Dietrich-Wilhelm Dönneweg, Oberst des Kreisschützenbundes Arnsberg, geht davon aus, dass es bis in den Herbst 2020 keine Feste im Sauerland geben wird. Das Kreisschützenfest im September in Herdringen ist schon abgesagt. „Sicherlich wird es Vereine geben, die bis zur letzten Minute abwarten, ihr Fest abzusagen“, sagt er und beklagt die fehlende klare Generalabsage seitens der Landesregierung.
„Die Absage bedeut für große und kleine Vereine einen großen finanziellen Schaden“, so der Kreisoberst. Sie verlieren eine einmalige Einnahmequelle, mit der sie ihre Schützenhallen instand setzen und pflegen. Hinzu kommt vermutlich eine Nullrunde bei der Vermietung der Hallen (siehe Kasten).
Den Schützenvereinen macht ein Vorstoß der Regierungskoalition in NRW Mut. Ähnlich wie den Sportvereinen, die durch die Corona-Krise in eine wirtschaftliche Schieflage geraten sind, sollen Vereine der Brauchtums- und Heimatpflege durch ein millionenschweres Soforthilfeprogramm unterstützt werden. Bis dato ist dieser Vorstoß aber noch nicht vom Landtag beschlossen.
Für Kreisoberst Dietrich-Wilhelm Dönneweg ist die Bedeutung des Fests für das Gemeinschaftsgefühl der Dörfern noch wichtiger: „Auf dem Fest trifft sich Jung und Alt und vor allem ist es die Veranstaltung, bei dem die Weggezogenen zurück zu ihren Wurzeln kommen. Gerade ein Schützenfest bringt neue Mitglieder und stärkt das Zusammengehörigkeitsgefühl.“
Chance um das Image aufzupolieren
In der Absage sieht Dr. Peter Becker, Herausgeber einer Studie zur Zukunft des Schützenwesens, eine Chance für die Vereine. Sie könnten nun ihr Image aufpolieren. Oft gelten sie als Feier-Vereine und werden auf das Fest reduziert. Laut Peter Becker hätten sie nun die Möglichkeit, ihr soziales Profil zu schärfen. Sie könnten zum Beispiel Hilfe für Risikogruppen anbieten.

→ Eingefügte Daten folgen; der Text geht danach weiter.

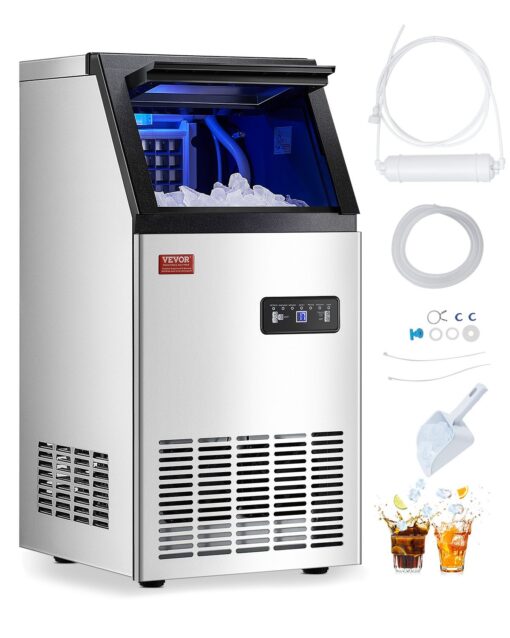VEVOR Commercial Ice Maker Machine with 28kg Storage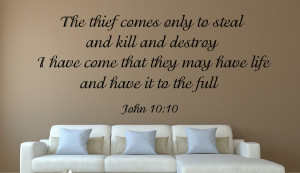 John 10:10 The thief comes...#2 Christian Wall Decal Quotes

Außerdem ist spätestens jetzt die Zeit gekommen, sich online zu präsentieren und vorhandene Auftritte auszubauen. Darüber könnten die Schützen den Dörfern ein kulturelles Angebot bieten. „Vielleicht schaffen sie es, einen Film eines historischen Festes zu digitalisieren und online anzubieten“, schlägt der Wissenschaftler der Uni Paderborn vor.
Die Schützenhallen bleiben leer
Bei vielen Schützenvereinen im Sauerland ist das Fest die Haupteinnahmequelle und finanziert die Hallen. Bei manchen ist es andersherum. „Die Vermietung bringt bei uns wirtschaftlich mehr als das Fest“, sagt Werner Müskens von der St. Franziskus Schützenbruderschaft in Sundern-Allendorf.
Ihre Halle ist sehr gut ausgelastet. Sie haben zum Teil mehrere Veranstaltungen pro Wochenende. Besonders schmerzt dem Verein, dass zwei geplante Jugendlager in der Halle abgesagt werden mussten. Laut Müskens hätte so ein Lager mehrere Tausend Euro brutto in die Kassen des Vereins gespült.
Ohne Vermietung und das Schützenfest bleiben dem Verein nur seine moderaten Mitgliedsbeiträge als Einnahme. Der Verein muss aber trotzdem weiter die Fixkosten für die Halle sowie Reparaturen tragen. „Wir bringen die Halle permanent auf Vordermann. Allein dieses Jahr sind vierstellige Beträge in sie geflossen“, sagt er.
Außerdem hat der Verein ständig Ausgaben für neue Fahnen und Uniformen. Bei diesen Anschaffungen liegt man schnell bei mehr als 1000 €. „Ohne die Einnahmen leben wir von der Substanz. Bis zum Jahresende können wir das aushalten“, sagt Werner Müskens. Andere Vereine werden eher in Schieflage geraten, vermutet er.